The experiment As Tim Harford describes in his book Adapt, ICS asked the Kenyan government not to select 25 schools that would receive the books, but to identify 100 schools that would be equally suitable. From these, 25 were selected at random. The books were delivered and exam results at the 25 intervention schools compared with those from the 75 similar schools without the extra teaching resources.
The textbooks, it turned out, made very little difference. ICS then tried another intervention – illustrated teaching flip-charts – in a similar randomised trial. Again, there was no significant effect.
So the charity tried a third approach, funding treatment for intestinal worms.

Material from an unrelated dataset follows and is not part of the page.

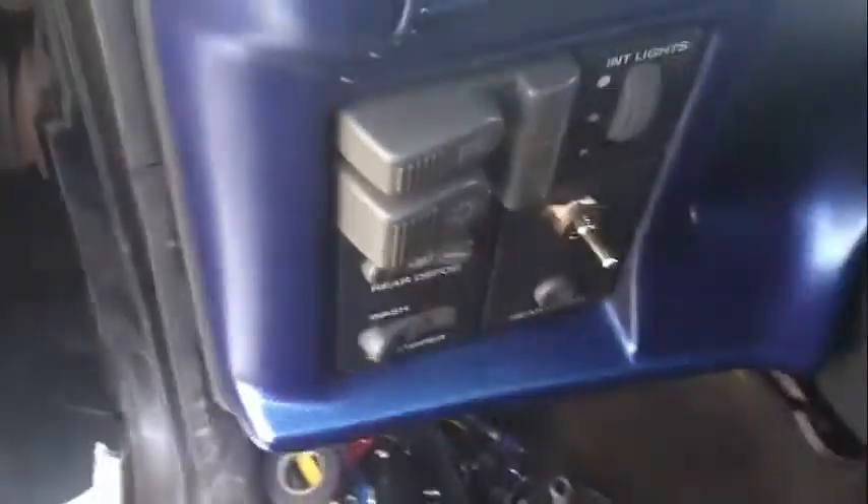If you're all wondering what that switch does, all it does is turn my subs on and off. Any speaker at the back — it turns them off. But yeah, that's just about it. That's the only thing new to it. Hopefully get some 6.9s here shortly. Thanks for watching.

This time, the trial followed a staggered design: 25 random schools received the treatment immediately, 25 after two years, and another 25 two years after that. This time, there was clear evidence: de-worming children unequivocally improved their learning, probably thanks to improved nutrition.
ICS had used the power of randomisation to identify how its limited resources could be spent most effectively. Few governments, alas, are as far-sighted.